Assumptions & Ground Rules

The primary purpose of Phase 2 of the Replication and Reproducibility Project are to expose you to the academic literature surounding your research topic and/or question. A secondary purpose of this assignment is for you to develop a sense of how (un)common it is to find research articles in the top journals in the field of Criminology for which the authors have openly shared their data and code for reproducibility purposes. For more information about why and how to share data/code and other best practices for conducting reproducible research, check out, here, here, and here. :

Specifically, for this phase of the project, you will accomplish the following tasks:

  1. Find five empirical research articles related to the topic or question you identified in Phase 1 and evaluate these five articles in terms of their adherence to basic open science practices (e.g., data availability, replication code availability, etc.).

  2. Identify an empirical research article related to your topic or question that analyzes data from the NYS and review its characteristics.

  3. Tentatively commit to performing a conceptual replication of an article that does not use the NYS or a direct reproduction of one that does and identify what aspects of the research article you plan to conceptually replicate or reproduce.

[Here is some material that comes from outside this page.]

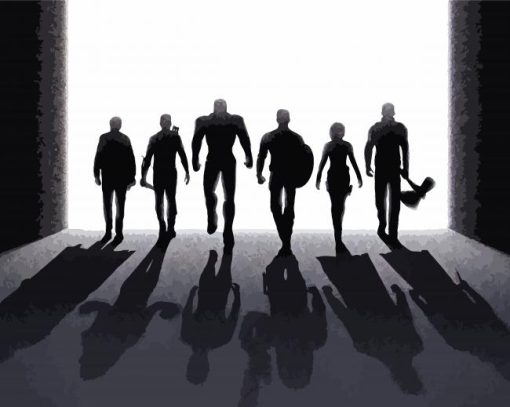 avengers endgame Marvel Silhouette paint by numbers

At this point, I assume you are familiar with RStudio and with creating R Markdown (RMD) files. If not, please review R Assignments 1 & 2.

Additionally, I assume you know how to search for articles and then access them where available; there are numerous ways to do this. If it were me, I might start by searching for articles using the search function on each journal’s webpage. Upon finding articles of interest, I might then search for the specific articles using the title, author, and/or keywords in Google Scholar; you can also do an “advanced search” for specific topics published in specific journals. If you decide to use Google Scholar, I recommend adding your university to the “library links” setting for quick authentication and access via your library. Alternatively, you might search for a specific journal directly via the university library. (See here for additional help with finding articles using our library website.)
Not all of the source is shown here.